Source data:
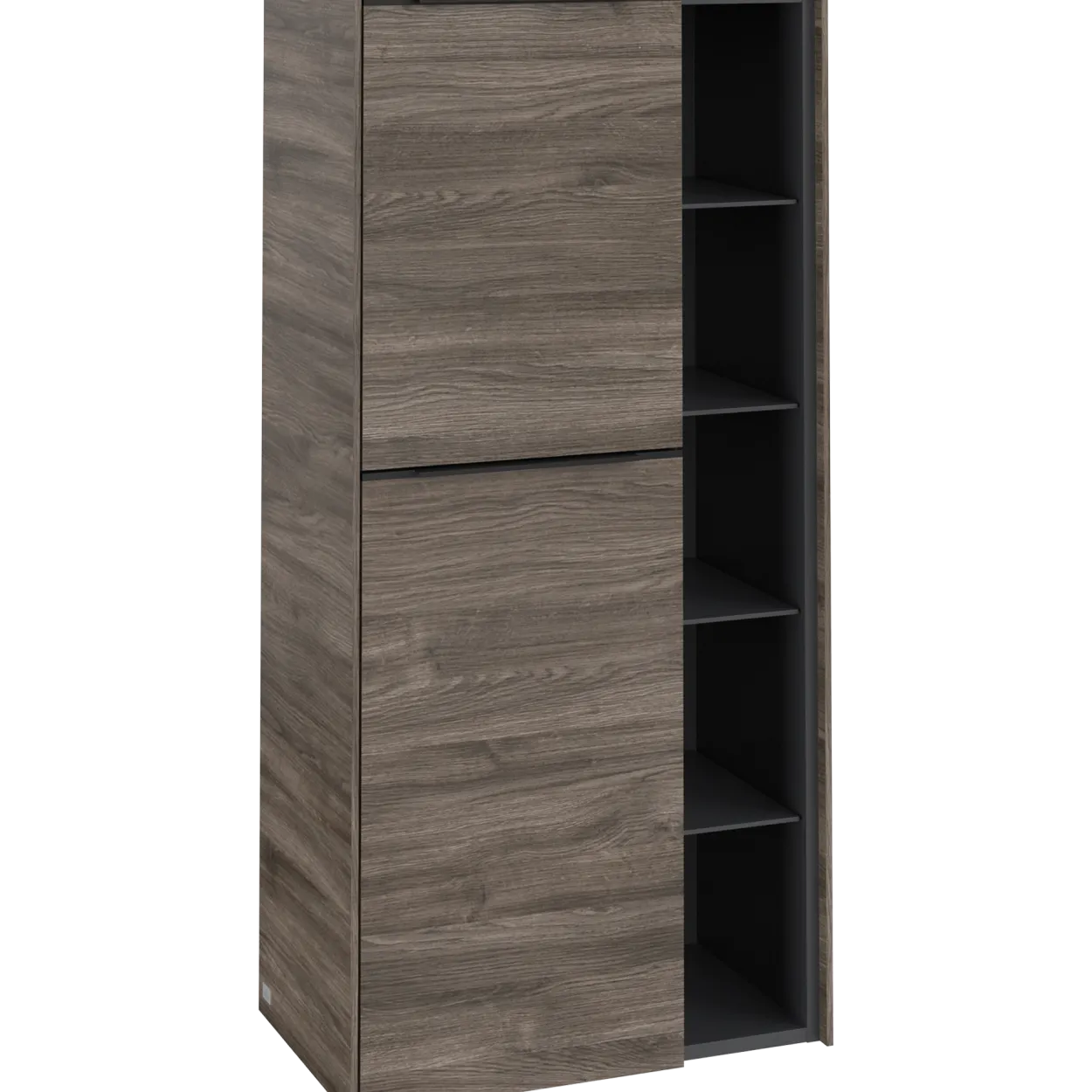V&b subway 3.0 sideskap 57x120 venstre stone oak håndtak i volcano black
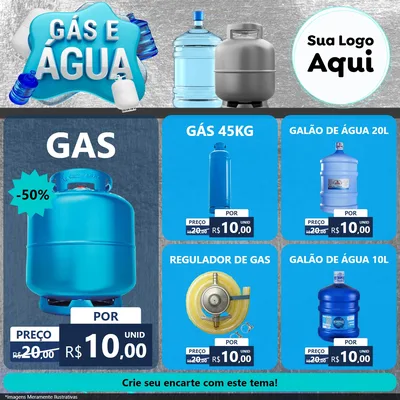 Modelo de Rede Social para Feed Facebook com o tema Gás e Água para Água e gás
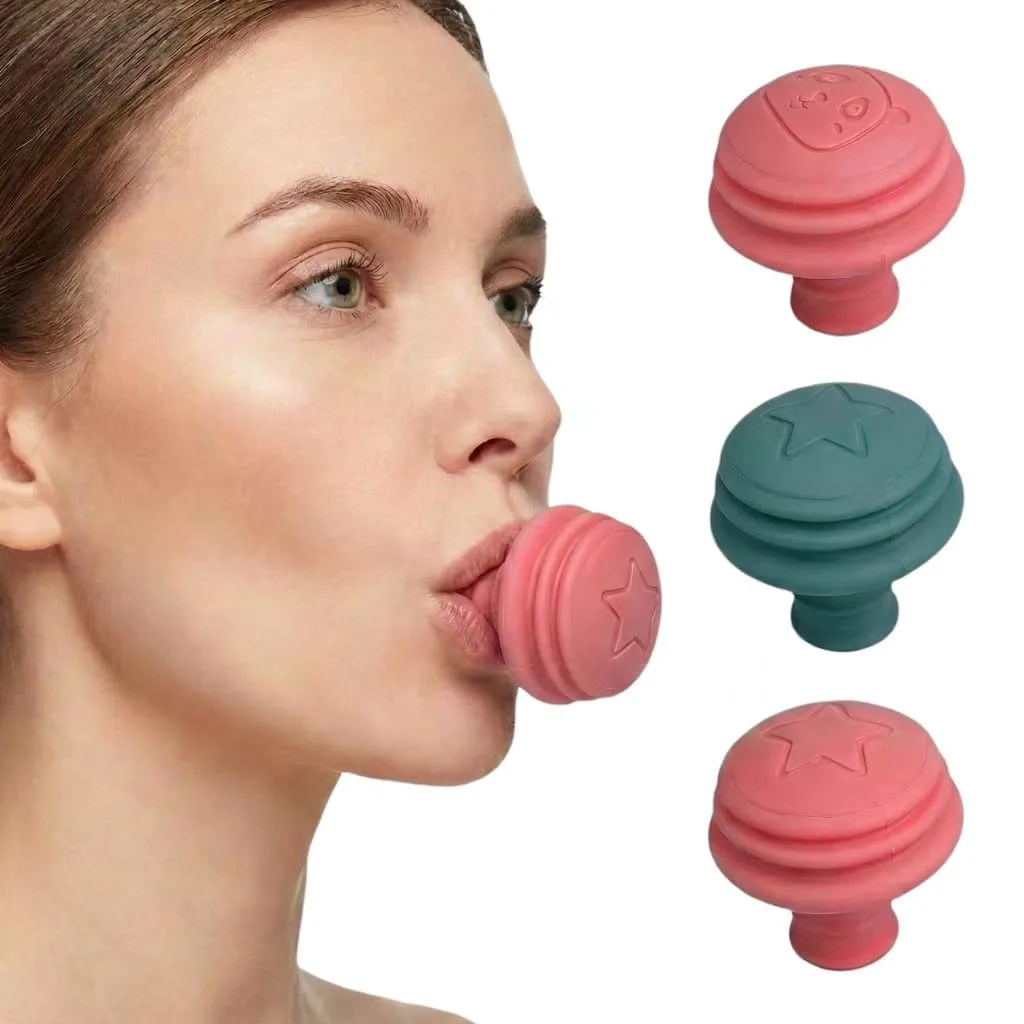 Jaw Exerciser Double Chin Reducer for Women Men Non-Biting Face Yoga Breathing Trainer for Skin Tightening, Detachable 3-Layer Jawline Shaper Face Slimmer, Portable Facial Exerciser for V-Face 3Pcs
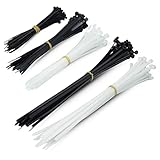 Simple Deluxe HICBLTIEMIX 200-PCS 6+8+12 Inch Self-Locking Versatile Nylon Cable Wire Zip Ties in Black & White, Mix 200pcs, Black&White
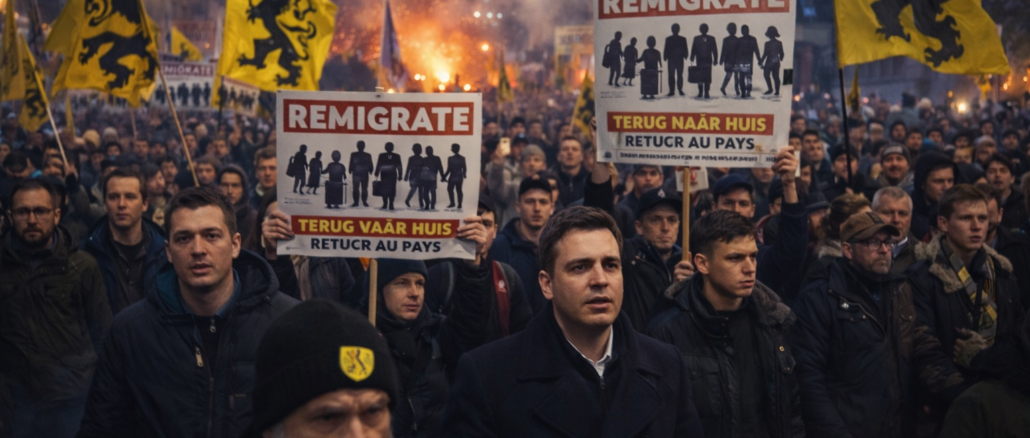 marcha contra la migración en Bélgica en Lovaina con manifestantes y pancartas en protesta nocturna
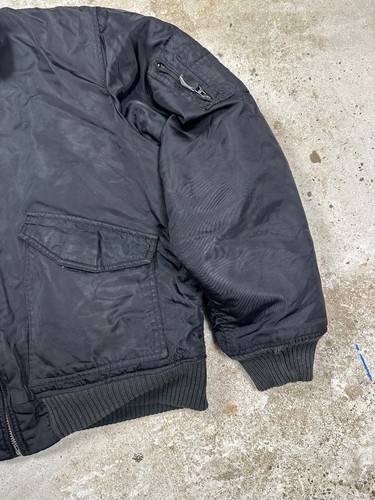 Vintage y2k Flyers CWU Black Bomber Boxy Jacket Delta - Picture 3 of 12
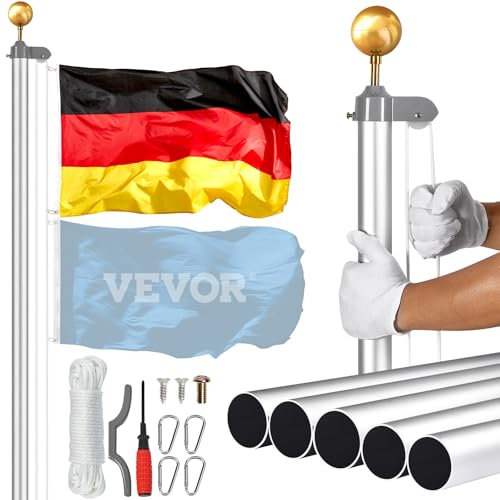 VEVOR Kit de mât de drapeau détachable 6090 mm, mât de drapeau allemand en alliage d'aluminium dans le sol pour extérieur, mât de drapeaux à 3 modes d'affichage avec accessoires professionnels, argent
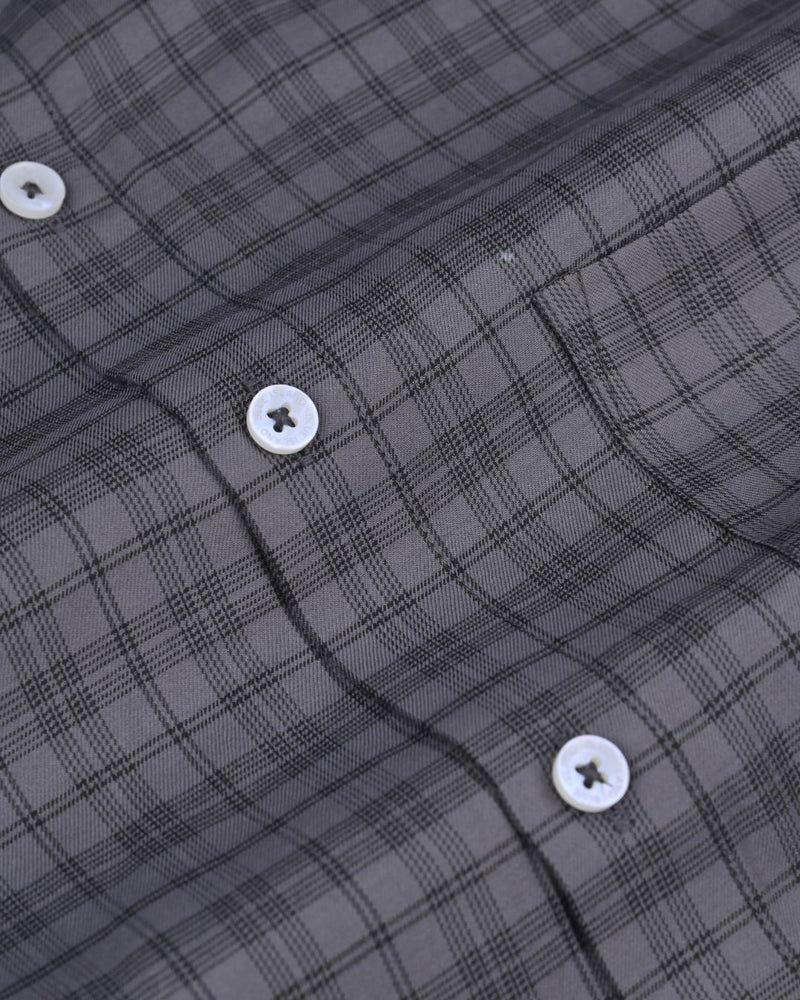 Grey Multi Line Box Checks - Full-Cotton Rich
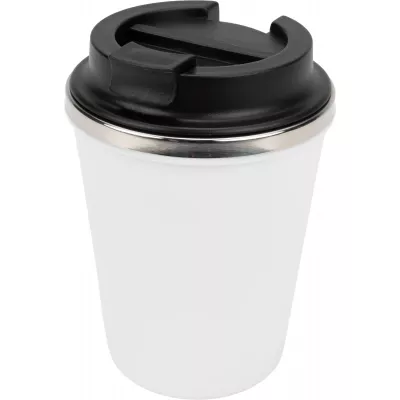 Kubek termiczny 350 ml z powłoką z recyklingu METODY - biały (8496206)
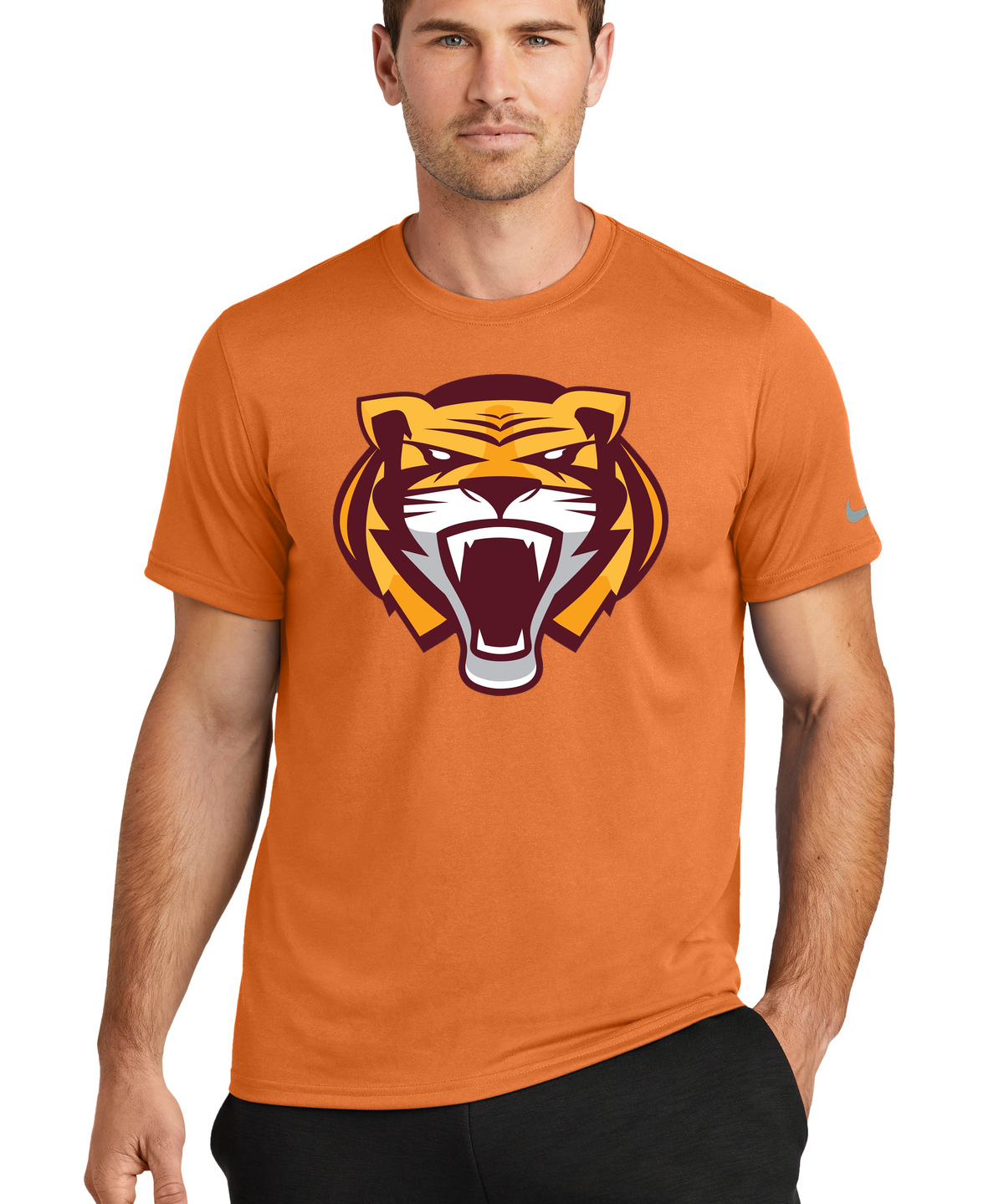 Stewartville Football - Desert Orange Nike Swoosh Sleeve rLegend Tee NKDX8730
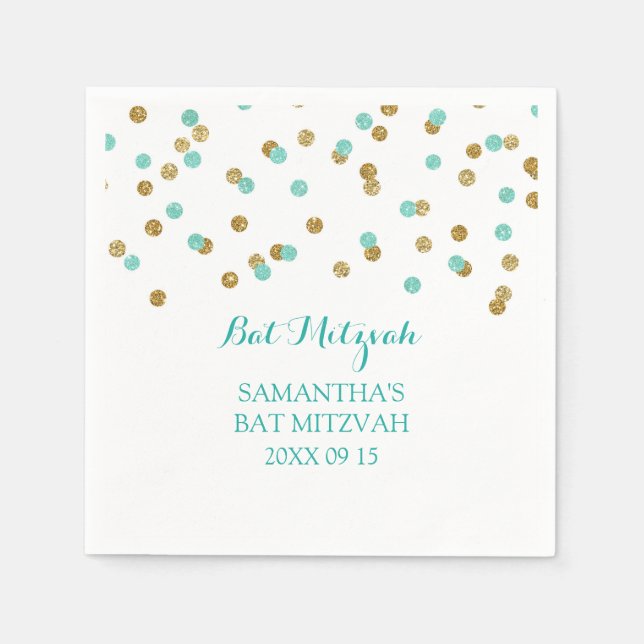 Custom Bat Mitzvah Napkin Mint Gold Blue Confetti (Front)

● EXERCISE
Omit the images and transcribe all of the records above word for word.

● WORKED SOLUTION
V&b subway 3.0 sideskap 57x120 venstre stone oak håndtak i volcano black
 Modelo de Rede Social para Feed Facebook com o tema Gás e Água para Água e gás
 Jaw Exerciser Double Chin Reducer for Women Men Non-Biting Face Yoga Breathing Trainer for Skin Tightening, Detachable 3-Layer Jawline Shaper Face Slimmer, Portable Facial Exerciser for V-Face 3Pcs
 Simple Deluxe HICBLTIEMIX 200-PCS 6+8+12 Inch Self-Locking Versatile Nylon Cable Wire Zip Ties in Black & White, Mix 200pcs, Black&White
 marcha contra la migración en Bélgica en Lovaina con manifestantes y pancartas en protesta nocturna
 Vintage y2k Flyers CWU Black Bomber Boxy Jacket Delta - Picture 3 of 12
 VEVOR Kit de mât de drapeau détachable 6090 mm, mât de drapeau allemand en alliage d'aluminium dans le sol pour extérieur, mât de drapeaux à 3 modes d'affichage avec accessoires professionnels, argent
 Grey Multi Line Box Checks - Full-Cotton Rich
 Kubek termiczny 350 ml z powłoką z recyklingu METODY - biały (8496206)
 Stewartville Football - Desert Orange Nike Swoosh Sleeve rLegend Tee NKDX8730
 Custom Bat Mitzvah Napkin Mint Gold Blue Confetti (Front)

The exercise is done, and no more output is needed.